La légende est en marche. Entre 1912 et 2024, le Tour de France est revenu à soixante reprises sur les pentes du Galibier, col alpestre le plus emprunté dans l’histoire de l’événement, celui aux plus sublimes paysages, l’un des plus exigeants aussi. La référence. Et à chaque fois qu’ils en sont descendus ou y sont montés, ses champions sont passés devant la Maison Alliey, sur l’ancienne route du Lautaret puis comme aujourd’hui sur la D1091. La culture de l’accueil de l’établissement a été perpétué après la Seconde guerre mondiale par Henri Buisson et son épouse Aimée, née Alliey, puis depuis 1982 par leur fils Hervé et Éliane, alors tout jeunes mariés. Et le passage des plus grands de l’histoire du Tour, Gino Bartali, Fausto Coppi, Jacques Anquetil, Eddy Merckx, Bernard Hinault, Miguel Indurain, Tadej Pogacar en 2024 a permis d’entretenir pendant des décennies la ferveur cycliste du lieu.
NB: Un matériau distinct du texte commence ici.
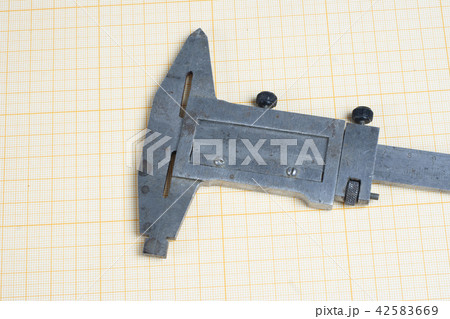 caliper on graph paper background caliper on graph paper background 42583669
Hervé se souvient, enfant, entre ses parents, de l’image de Poulidor et Anquetil passant juste devant ses yeux, dans les années 1960.
Le hasard des rencontres a aussi voulu qu’en janvier 1986, Bernard Hinault soit l’espace d’une semaine l’hôte prestigieux d’Éliane et Hervé. Le dernier vainqueur français du Tour l’avait déjà remporté à cinq reprises et s’apprêtait à y faire ses adieux. L’inédit col du Granon, au-dessus de Saint-Chaffrey, faisait figure d’épouvantail de l’édition 1986. Hinault et quelques membres de son équipe La Vie claire voulaient en connaître la moindre courbe. Six mois plus tard, il allait porter le Maillot Jaune pour la dernière fois lors de l’étape Gap-col du Granon, laissant son partenaire Greg LeMond s’envoler vers la victoire à Paris.